Tania Jamardo Faillace: Do Beco da Velha

Ela escreveu matérias polêmicas e comprou brigas com autoridades. Difícil acreditar que sua carreira começou na coluna "Correio do Coração".

Nascida em 1939, "ano em que começou a Segunda Grande Guerra" - como ela faz questão de lembrar -, Tania Jamardo Faillace enfrentou muitas batalhas ao longo desses 68 anos, tanto na vida pessoal como na profissional. A carreira jornalística dessa porto-alegrense começou em 1966, "via Literatura", explica. Seus dois primeiros livros, "Fuga" e "Adão e Eva", foram bem recebidos pela crítica, o que lhe rendeu o convite para assinar uma coluna de conselhos sentimentais em Zero Hora , o Correio do Coração. "Mas era uma coluna não-ortodoxa. Realmente, não era água-com-açúcar, não? Fazia muito sucesso", conta.
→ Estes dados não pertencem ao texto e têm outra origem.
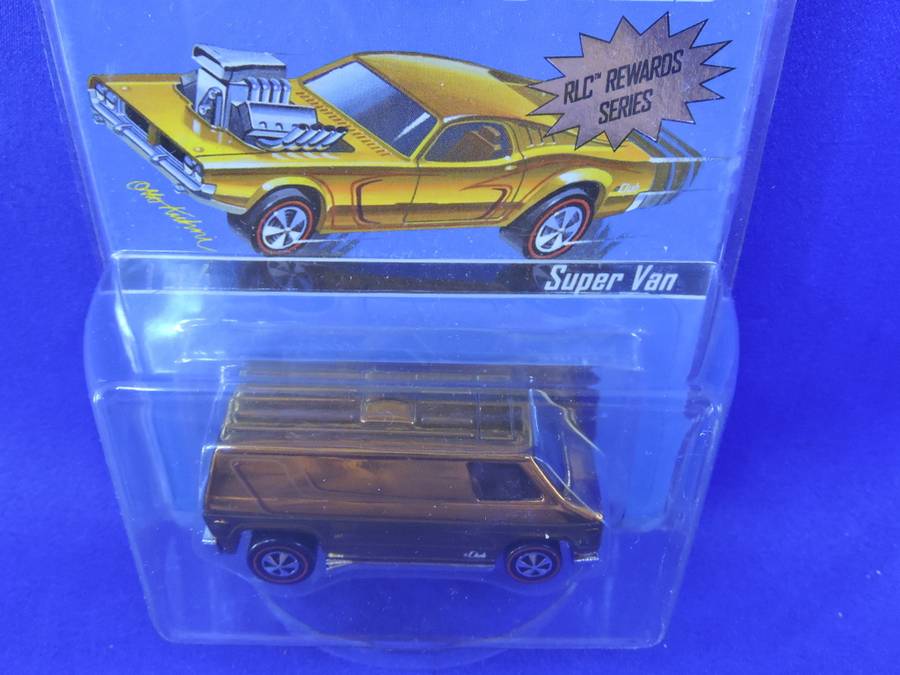 Hot Wheels SUPER CHROMES Super Van ( Gold ) 2010 RLC Rewards Series 1869/3072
Assim, logo lhe ofereceram outro desafio: integrar a equipe de reportagens de Geral.


Cabeças rolando


Para aceitar a proposta, Tania teve que deixar seu emprego de secretária bilíngüe no Lanifício Sul-riograndense, as Lãs Pingüim. "Porque a coluna eu fazia em casa, de noite", justifica. Entre as matérias que realizou para Zero Hora, Tania destaca a primeira cobertura em território nacional sobre a tortura no regime autoritário: "Foi o caso das "Mãos Amarradas", assassinato, pela polícia política, do sargento Raimundo, do Grupo dos Onze, na Ilha do Presídio. Os anos de chumbo e a prática da reportagem em Geral e Polícia me foram fundamentais para entender nosso micro e macrocosmo social, e, inclusive, para embasar as opiniões e práticas políticas", diz. Mas toda essa consciência social acabaria por levar à sua demissão, dois anos mais tarde.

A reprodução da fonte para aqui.